CAPTCHA-LLM: Overview

What is CAPTCHA-LLM?

CAPTCHA-LLM is a research project investigating whether tasks rooted in deep human perceptual advantages can produce CAPTCHAs resilient to frontier multimodal LLMs. Two CAPTCHA classes are introduced and evaluated:

ASCII art CAPTCHAs: alphanumeric strings rendered using pyfiglet (50+ fonts), presented as either raw text or PNG images
Overlapping audio CAPTCHAs: CommonsenseQA 5-choice questions synthesised via XTTS-v2 TTS, then augmented with background noise, Gaussian noise, or overlapping speech

The core hypothesis: humans evolved specialised neural processing for tasks like Gestalt pattern perception and selective auditory attention (the “cocktail-party effect”).
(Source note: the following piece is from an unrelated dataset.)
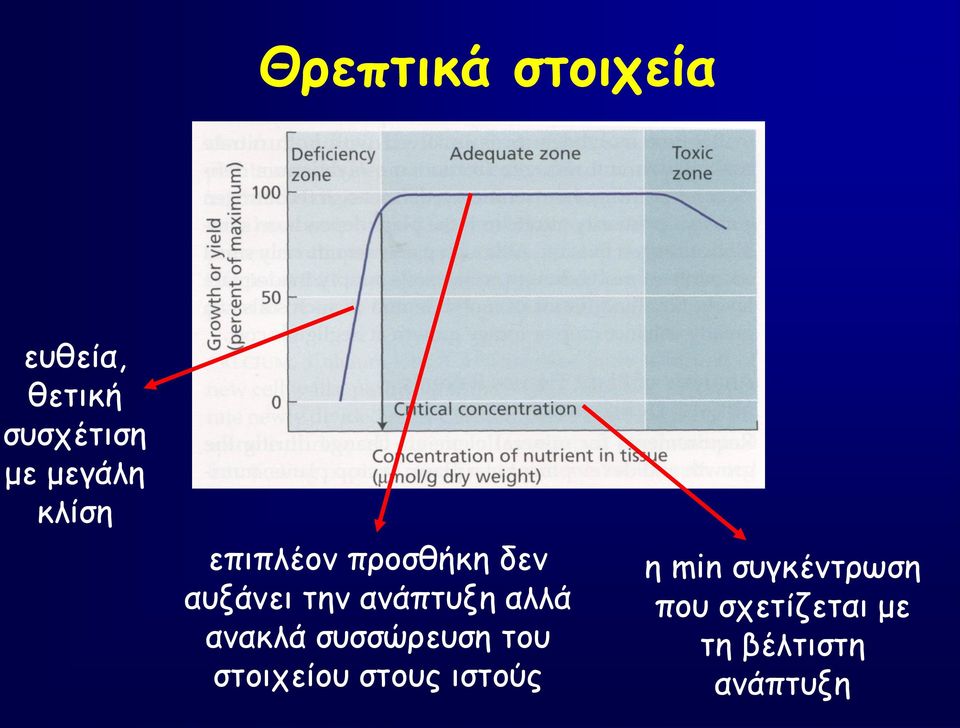 ανάπτυξη αλλά ανακλά συσσώρευση του στοιχείου στους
CAPTCHAs that require these capabilities should be trivially solvable by humans but hard for AI systems that lack these specific adaptations.

Paper: arXiv:2604.03612

Key results

ASCII art CAPTCHAs:

Zero models achieved full accuracy on any sample across all text-input and image-input conditions
The only non-zero result was Gemini 3 Flash Preview (image input): 0.16% exact accuracy: 1 correct answer out of 628 total samples
Best text similarity was 55.48% (Gemini 3 Flash, image): meaning even the best model gets roughly half the characters right on average, but never the complete string
DeepSeek v3.2-exp averaged 84.49 seconds per response: still achieving 0% accuracy
Gemini 3 Pro with extended thinking spent 145 seconds on a single sample, correctly identifying only 1 character

Audio CAPTCHAs:

Under clean conditions, models perform reasonably (46–75% vs a 20% random baseline)
Under combined overlapping speech, all models collapse toward the random baseline: Gemini 3 Flash 48%, VoxTral Small 40%, GPT Audio Mini 27%
GPT Audio Mini reaches exactly 20% under Gaussian noise: statistically indistinguishable from random guessing on a 5-choice question

Why it works

ASCII art (vision models)

Modern vision models: CNNs and Vision Transformers: are optimised to detect local features such as texture, edges, and colour patches. Reading ASCII art requires the opposite: ignoring individual characters and perceiving the global shape they form together (Gestalt principles). Vision models see a noise field of sharp character edges; humans see the letter.

ASCII art (text models)

LLMs see text as a 1D stream of byte-pair encoded tokens, not a 2D grid. A vertical pipe | character across multiple rows tokenises differently depending on neighbouring characters in each row, destroying the spatial alignment that ASCII art encodes. The model cannot reconstruct the 2D structure from a 1D token sequence.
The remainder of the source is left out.